How many people work with you in your lab?

It changes at any given time but typically I have about three grad students, maybe a post-doctorate fellow and in any given year about a dozen undergraduates, though not all at the same time. But each term there’s about three or four undergrads. So it’s a good team of eight to ten people at a time.

How do you find people to work in the lab?
They find me. A lot of students at Dartmouth realize this is a really good environment to get involved in research and just doing scholarship in general with a faculty member, whether that’s working on poetry or working in a lab. There’s no need to advertise for students because the really inquisitive ones who really want to get involved will find us. And after that it’s really about fit, and finding out if their research interests match my interests and do they have just a little bit of background to help them get started right away and not spend so much time just learning the ropes. So I like to have students with a little prior experience in a lab or some coursework that could help them.

With such expensive equipment and repetitive lab work, costly mistakes are almost inevitable.
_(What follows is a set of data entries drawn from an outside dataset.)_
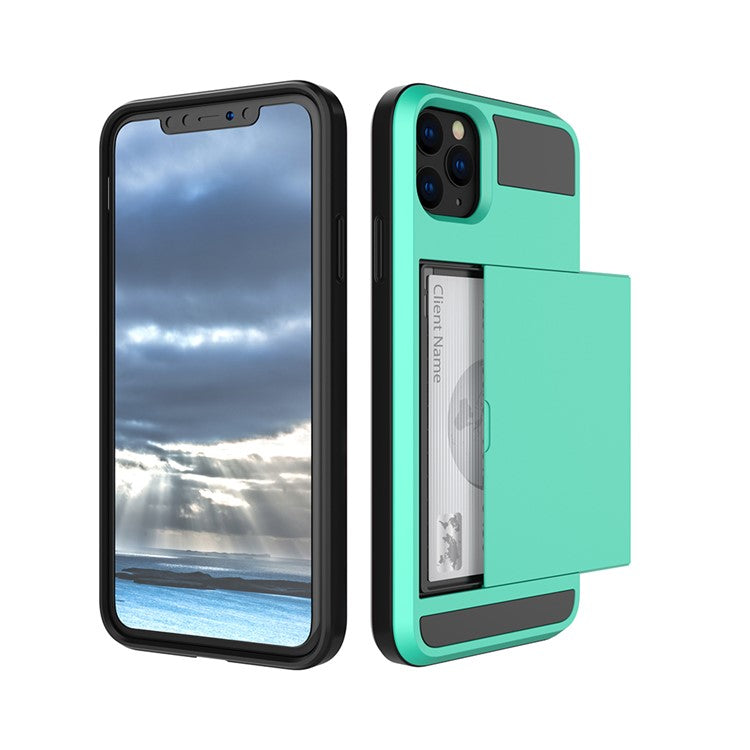 For iPhone 11 6.1 inch (2019) Slide Card Holder PC + TPU Hybrid Mobile Phone Casin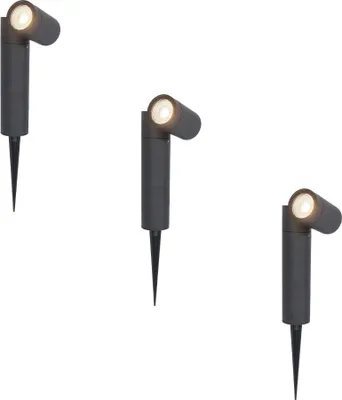 Produktbild von hoftronic LED Gartenstrahler 4W GU10 345lm 4000K Schwarz IP65 Dimmbar Schwenkbar 3er Set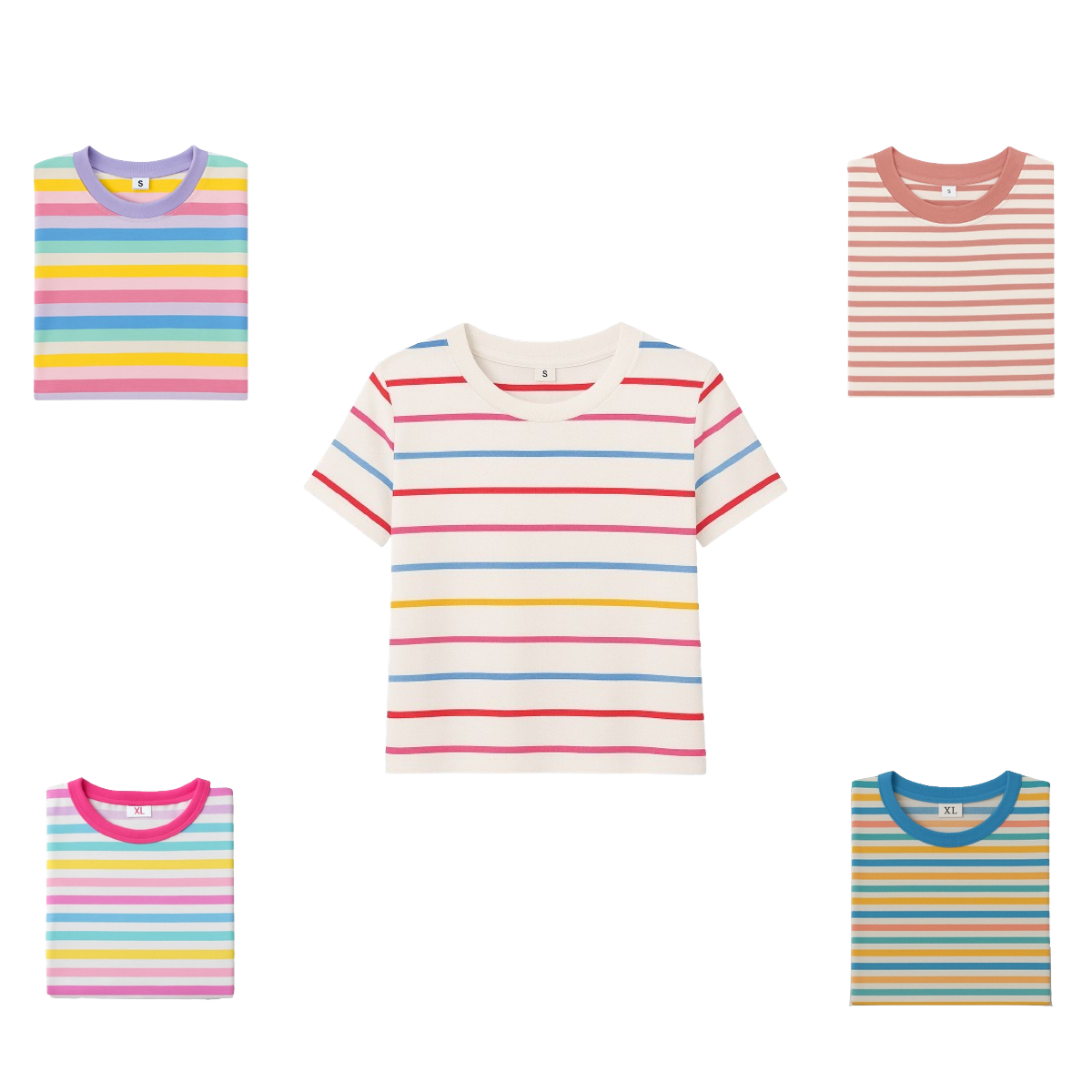 Girls’ 5-Pack Striped Tee Bundle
What do you say to students who make a mistake in the lab?
Making a mistake and failing is a very important part of learning. To the extent that it’s not going to seriously disrupt a study, I let students make mistakes. Mistakes will happen and I’m certainly not trying to make someone fail but I am going to let them struggle to figure things out on their own to get a true sense of what research is like. It’s not easy, it takes a lot of sacrifice. The ideas and decisions are not easy ones. If that can be a learning experience great, but if it infringes on the integrity of the study it’s a problem. But I think it’s okay to fail and learn through that.

What advice would you give to students looking to get involved in science research?
The number one thing is to find a research topic that’s interesting. When I was in undergrad I went to a school where I didn’t have a ton of options and I ended up in a lab where I didn’t have a ton of interest-making all the struggles and failures even more laborious. The easiest way is to go to department web pages, look at the list of faculty and usually there’s a little blurb or a sentence about their research, and simply contact them. Perhaps don’t ask for a job or an honors project but just get your foot in the door and sit down and talk to the person. Perhaps ask to see their lab and their studies and decide if that’s for you. There are a ton of ways to get involved, work study jobs, volunteering, independent research project and honors projects.

How competitive is the field of research on learning and memory?
There are so many different parts of the brain and chemicals studied that there’s plenty to do. But there are several people exploring similar questions and that’s often healthy for science. The competition constant questioning of each other and skepticism is healthy. It’s competitive in that there are limited funds available for the research. Especially in economic downturns it’s difficult to find funding but it’s a big enough area that there’s plenty of room to get involved, get new ideas and go in new directions.

What is the most expensive part of running your lab?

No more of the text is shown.